One of my fellow BGU students, Jack, is staying with us for a few days. Jack lives in Nairobi and works in Kibera Slum, where there are 1.2 million people in a 2.5 acre space. Jack has lived in Kibera for 22 years. He is now just outside of Kibera Slum in another home. He oversees a group of 650 pastors in east Africa, all Pentecostal churches. It’s a transforming cultural experience to spend time hearing Jack’s story. A few of the more arresting things:

Most families in Nairobi’s slums live in 10’x10′ spaces, with a single space containing a husband and wife, and 2-10 children.

In Kibera slum, none of the homes have toilets (indoor OR outdoor). In one corner of the room is a curtain and some plastic bags; when you need to relieve yourself you use the bag. There are no garbage bins, so often people just throw the full bags down the road or onto a neighbor’s roof.

Jack normally eats a piece of bread and tea for breakfast, a cracker for lunch. Many of his fellow pastors who are in Kibera slum go days without eating anything.

Jack’s current home is literally “across the tracks” from Kibera slum. It’s a substantial upgrade from the slum, as there are wider walkways between buildings, and outdoor pit toilets that 5-10 families share.

One of Jack’s dreams for the moment is to plant 1,000 toilets into Kibera slum. Aside from the health benefits, Jack says that the great benefit of this would be to give dignity to young girls. Boys 13-16 get used to the squalor; girls that age aren’t able to compartmentalize this part of their life, and the idea of defacating in their family room is traumatic. He strongly believes that giving them access to pit toilets would give them dignity and personhood.

We had some (Costco chicken and apple) sausages for dinner tonight, with salad, baked beans, corn on the cob, cherries, grapes and peaches. Jack especially liked the corn, which they have in Kenya as well. When Shannon asked him what they usually have with it, he said they sometimes will have tea with no milk, but usually would be their meal for the day. An ear of corn and perhaps some tea.
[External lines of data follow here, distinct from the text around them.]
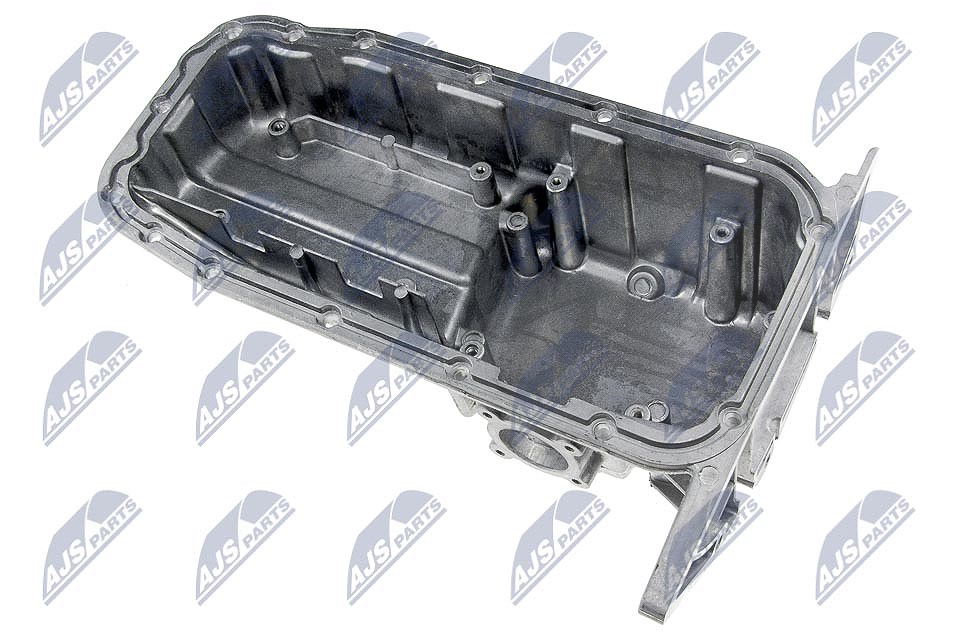 Nty Ölwanne [Hersteller-Nr. BMO-PL-015] für Opel, Vauxhall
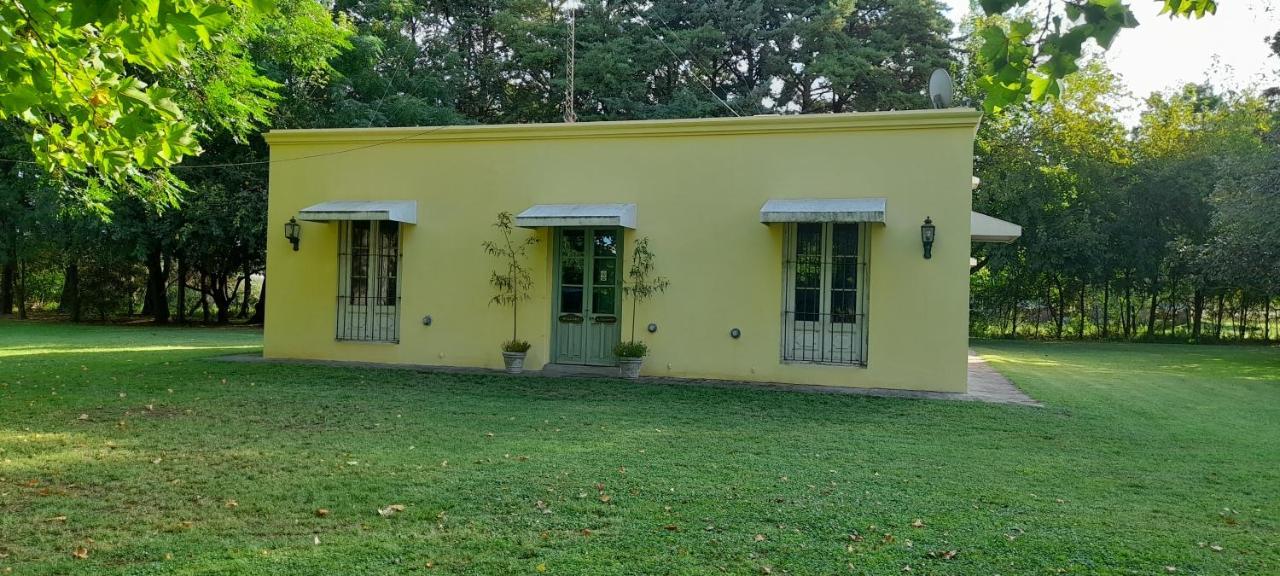 Bed and Breakfast El Tramway San Antonio de Areco Exterior foto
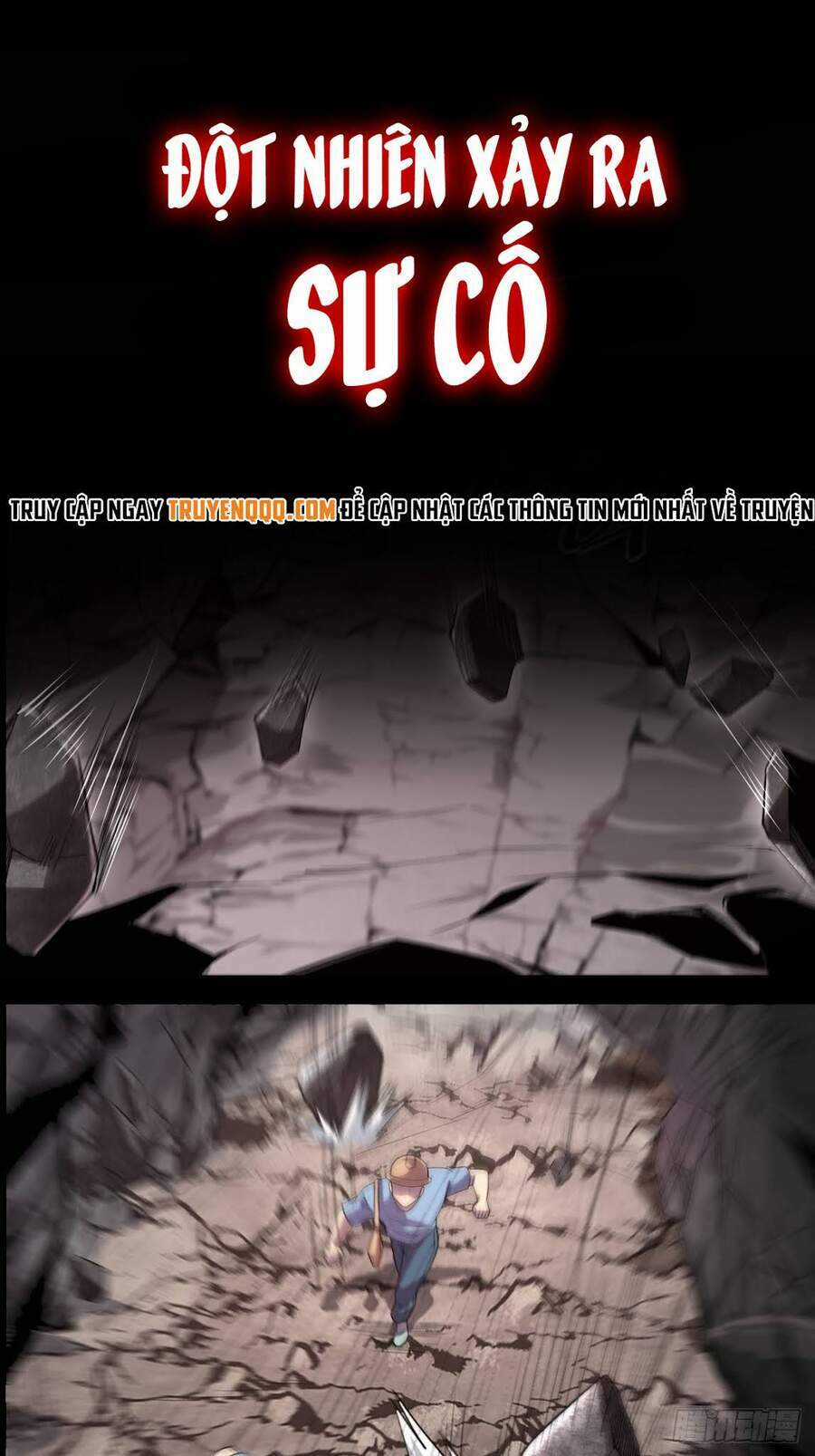 Chúa Tể Vực Thẳm - Chapter 0 - Trang 5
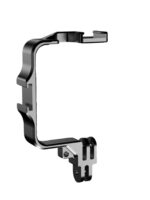 Gopro 금속 확장 라이브 방송 Vlog 비디오 촬영 확장 필 라이트 마이크 알루미늄 합금 브라켓에 적합 - 이미지 5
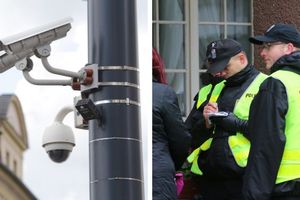 Kontrole policji lepsze od kamer? Radna Olsztyna apeluje o zwiększenie poziomu bezpieczeństwa, prezydent Piotr Grzymowicz odpowiada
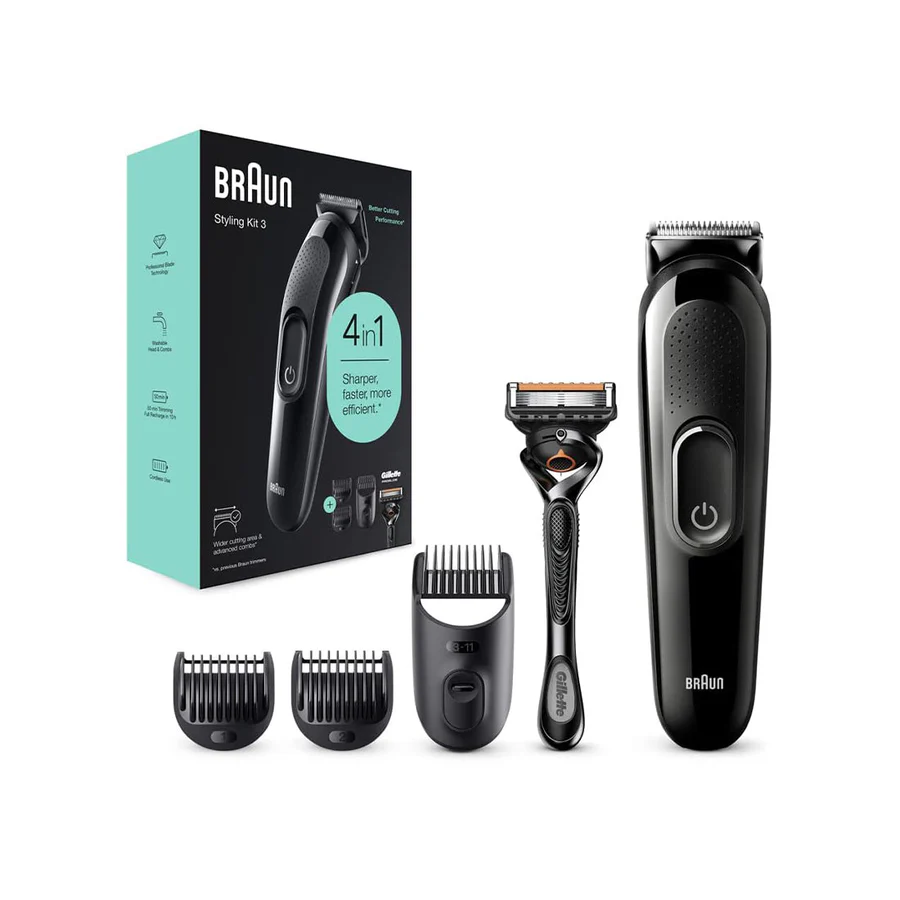 Braun shaver 272455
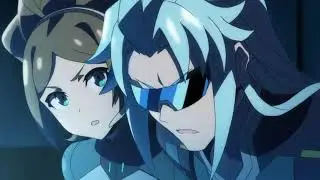 Azure Striker Gunvolt OVA English Dubbed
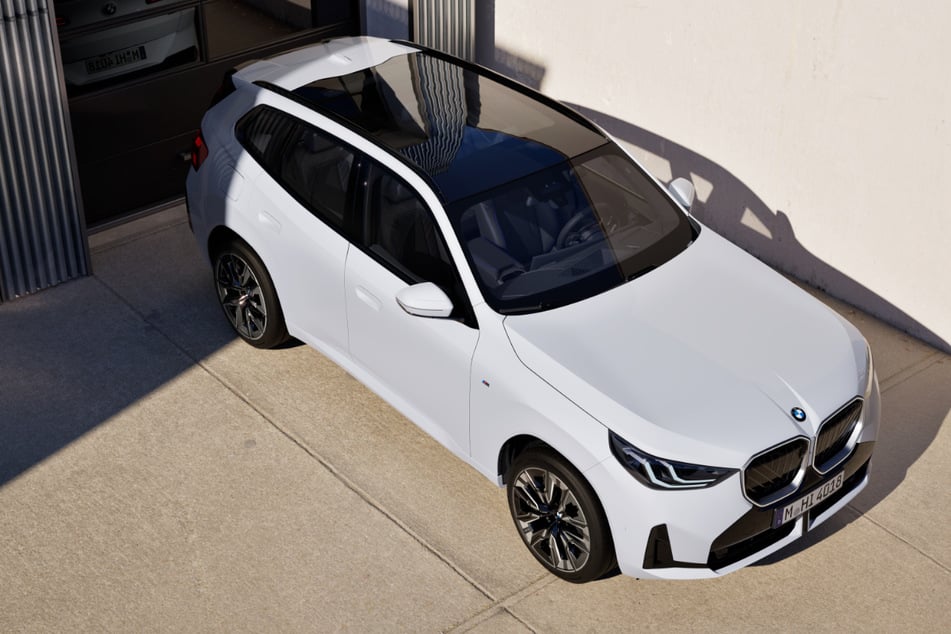 BMW verkauft Premium-SUV zum Schnäppchenpreis in Berlin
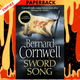 Sword Song (The Saxon Stories, #4) by Bernard Cornwell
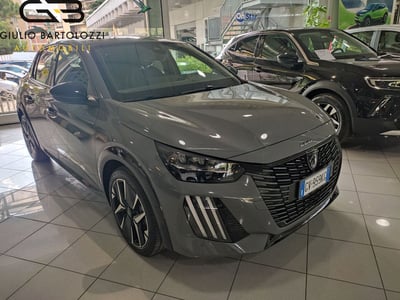 Peugeot 208 PureTech 100 Stop&amp;Start 5 porte GT nuova a Prato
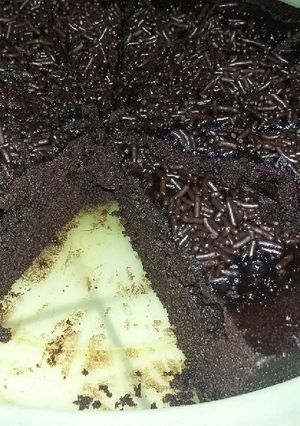 Foto resep Brownies kukus chocholatos nyoklatt klatt klatt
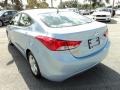 Blue Sky Metallic - Elantra GLS Photo No. 9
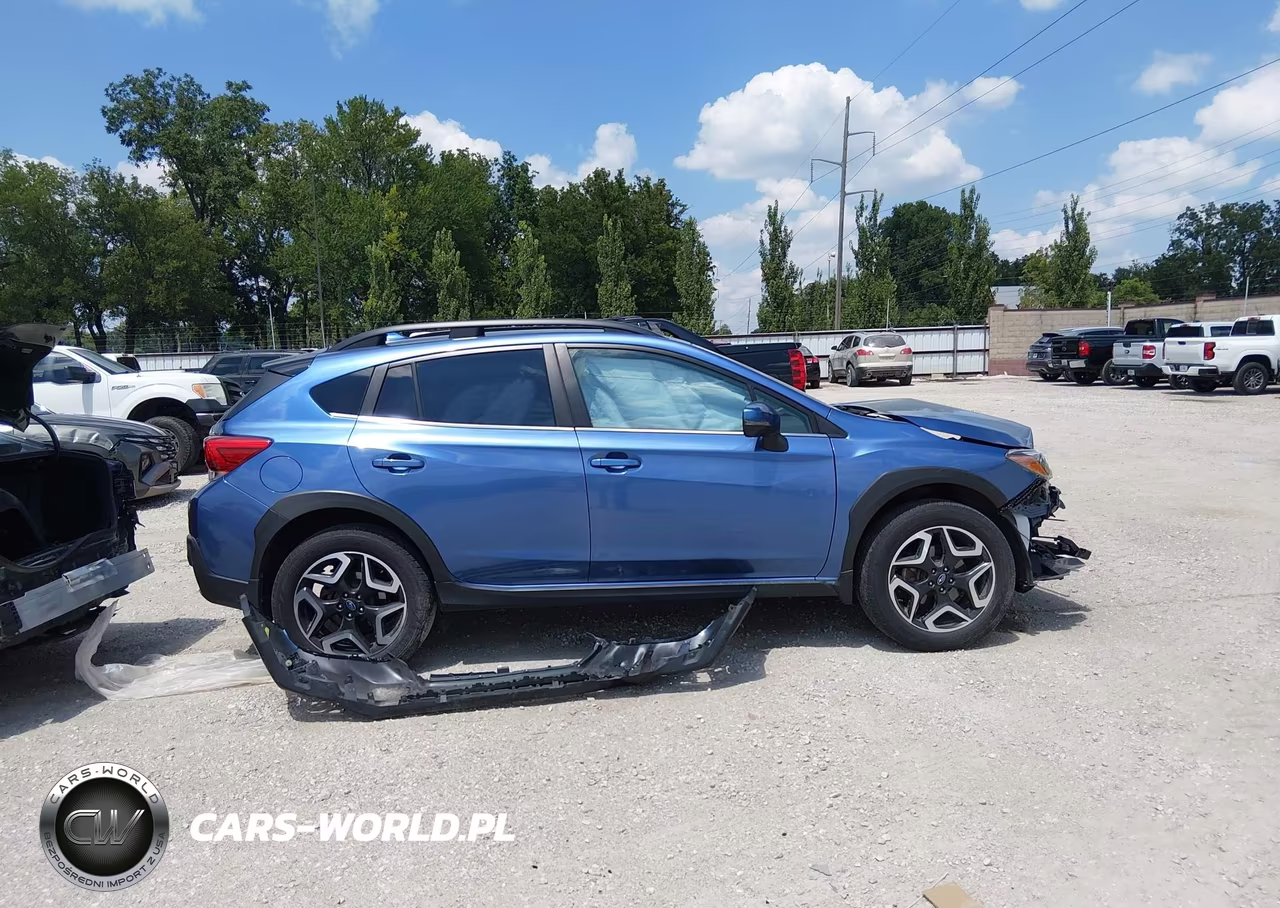 2019 Subaru Crosstrek 2.0I Limited VIN:JF2GTANC3KH216641 - 14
We spent a couple of hours in front of a computer looking at Nairobi’s slums on Google Maps, and Jack was able to show us his house, his organization’s training center for pastors in the slums, the hospitals, the golf course and the national park which border the slum, and other markers. It was amazing to see satellite images of where Jack’s family is and to put some pictures to his stories.

My kids adore Jack – he’s entertaining Brogan playing catch, and reading with Kaileigh. We’re all praying for each other.

Through it all, Jack is amazingly hopeful and resilient. He tells miraculous stories of God’s intervention, help and perfect timing. He also has massive plans for how to organize the people in order to lift them out of poverty and give them personhood and dignity. Given what I know of Jack in the past two weeks, I have no doubt whatsoever that Nairobi will be impacted.

It is an honor to provide hospitality to such a a man of God.